Selain itu, proses penuaan alami lensa mata juga dapat berlangsung lebih cepat. Akibatnya, risiko katarak dan penurunan ketajaman penglihatan menjadi lebih besar. General Manager Operation Optik Melawai, James Hadisurjo, menjelaskan bahwa masalah kesehatan mata yang paling sering ditemui saat ini bukan hanya miopia atau rabun jauh, tetapi juga mata kering dan katarak yang belum terdiagnosis.
“Kasus miopia memang masih tinggi, tetapi sekarang banyak juga keluhan dry eye atau mata kering yang membuat mata terasa perih. Selain itu, kami juga ingin lebih fokus pada deteksi katarak yang belum terdiagnosis,” ujar James dalam keterangannya saat hadir di perayaan ulang tahun ke-45 Optik Melawai di Senayan City, Jakarta Pusat.
Menurutnya, paparan cahaya biru dari layar gawai dan komputer, serta paparan sinar matahari saat beraktivitas di luar ruangan, diduga ikut berkontribusi terhadap meningkatnya kasus katarak yang muncul pada usia lebih muda. Karena itu, pemeriksaan mata secara rutin menjadi langkah penting agar gangguan penglihatan dapat dideteksi lebih dini sebelum menimbulkan komplikasi. Anda dapat membaca informasi lebih lanjut tentang tips menjaga kesehatan mata secara komprehensif.
Solusi Menjaga Kesehatan Mata
Menjaga kesehatan mata tidak berarti harus menghindari gula sepenuhnya. Langkah sederhana berikut dapat membantu mengurangi risikonya:
• Batasi konsumsi minuman manis dan camilan tinggi gula setiap hari. • Perbanyak minum air putih agar mata tetap terhidrasi dengan baik. • Istirahatkan mata secara berkala saat bekerja di depan layar menggunakan aturan 20-20-20, yaitu melihat objek sejauh sekitar 20 kaki selama 20 detik setiap 20 menit. • Konsumsi makanan bergizi seimbang yang kaya vitamin A, C, E, lutein, dan omega-3 untuk mendukung kesehatan mata. • Lakukan pemeriksaan mata secara rutin, termasuk mengecek kembali ukuran lensa kacamata atau lensa kontak bila diperlukan.
James menambahkan, masyarakat sebaiknya tidak hanya mempertimbangkan model atau merek saat membeli kacamata. “Yang paling penting adalah kualitas pemeriksaan mata dan kualitas lensanya.
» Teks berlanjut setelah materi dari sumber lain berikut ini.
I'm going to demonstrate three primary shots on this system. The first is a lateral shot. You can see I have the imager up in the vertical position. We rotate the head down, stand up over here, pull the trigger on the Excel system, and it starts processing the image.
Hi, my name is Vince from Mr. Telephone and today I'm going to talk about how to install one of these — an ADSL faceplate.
Fashion memang menjadi nilai tambah, tetapi bagi kami kesehatan mata tetap menjadi prioritas utama,” katanya.
Ia mengatakan pihaknya terus meningkatkan standar pelayanan dengan berinvestasi pada teknologi pemeriksaan mata agar setiap pelanggan memperoleh layanan yang lebih personal, akurat, dan sesuai kebutuhan.
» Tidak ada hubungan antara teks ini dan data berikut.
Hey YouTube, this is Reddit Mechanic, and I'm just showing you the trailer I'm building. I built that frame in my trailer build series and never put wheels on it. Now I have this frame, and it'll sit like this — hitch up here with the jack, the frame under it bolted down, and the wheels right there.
FAQ: Pertanyaan Umum tentang Gula dan Kesehatan Mata
Berapa banyak gula yang disarankan per hari? Organisasi kesehatan merekomendasikan konsumsi gula tambahan tidak lebih dari 25 gram per hari untuk wanita dan 36 gram untuk pria agar risiko gangguan mata dapat diminimalkan.
Apakah gula langsung merusak mata? Tidak selalu. Dampak gula terhadap mata bersifat akumulatif. Konsumsi berlebihan dalam jangka panjanglah yang menyebabkan kerusakan pembuluh darah retina dan lensa mata.
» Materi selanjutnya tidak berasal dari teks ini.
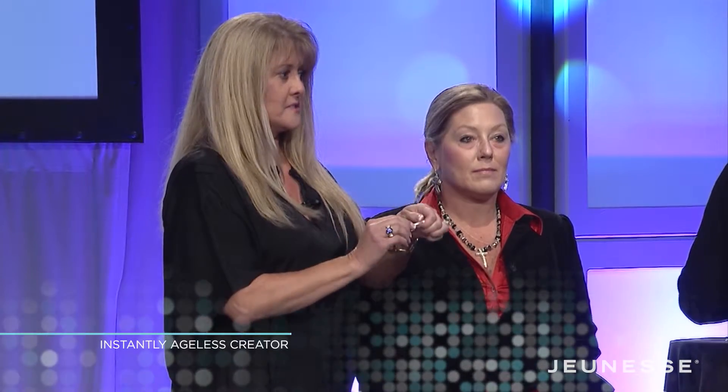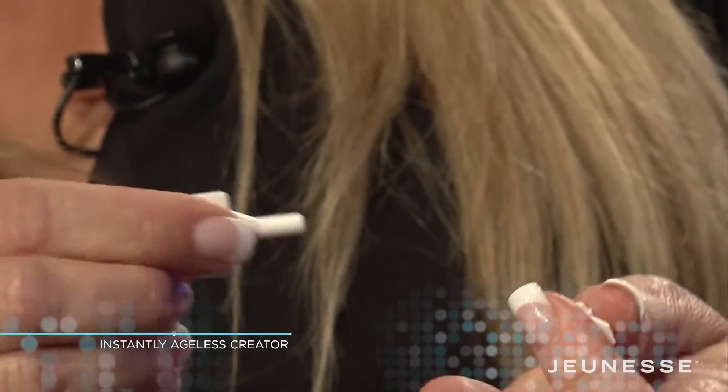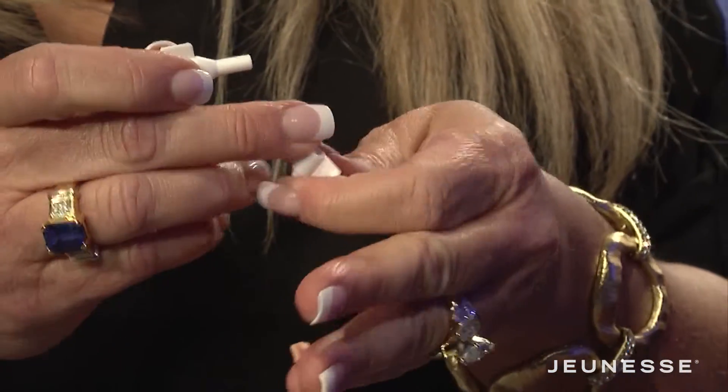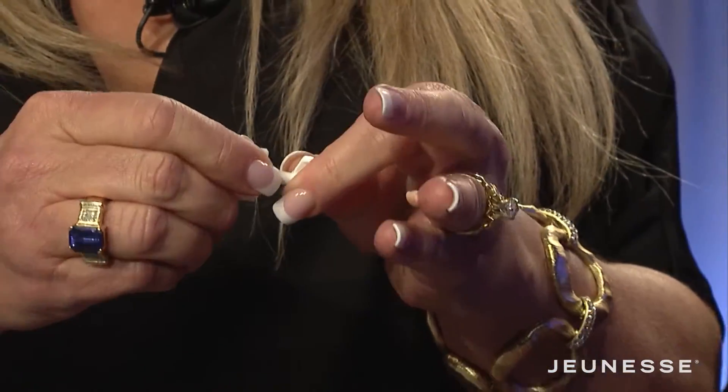What you want to do is twist off the top. You want to squirt out a very small amount. Flip the lid over and reseal it.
Bagaimana cara mencegah mata kering akibat gula? Selain membatasi gula, pastikan Anda minum air putih cukup, gunakan aturan 20-20-20 saat bekerja di depan layar, dan hindari paparan angin langsung ke mata.
Kapan sebaiknya melakukan pemeriksaan mata? Pemeriksaan mata rutin disarankan setiap satu hingga dua tahun sekali, atau lebih sering jika Anda memiliki riwayat diabetes atau keluarga dengan masalah mata.
Konsumsi gula berlebih memang tidak selalu langsung menyebabkan gangguan penglihatan. Namun, jika dibiarkan menjadi kebiasaan, dampaknya dapat mengganggu kesehatan mata dalam jangka panjang. Karena itu, menjaga pola makan sehat dan rutin memeriksakan mata menjadi langkah sederhana yang penting dilakukan sejak dini.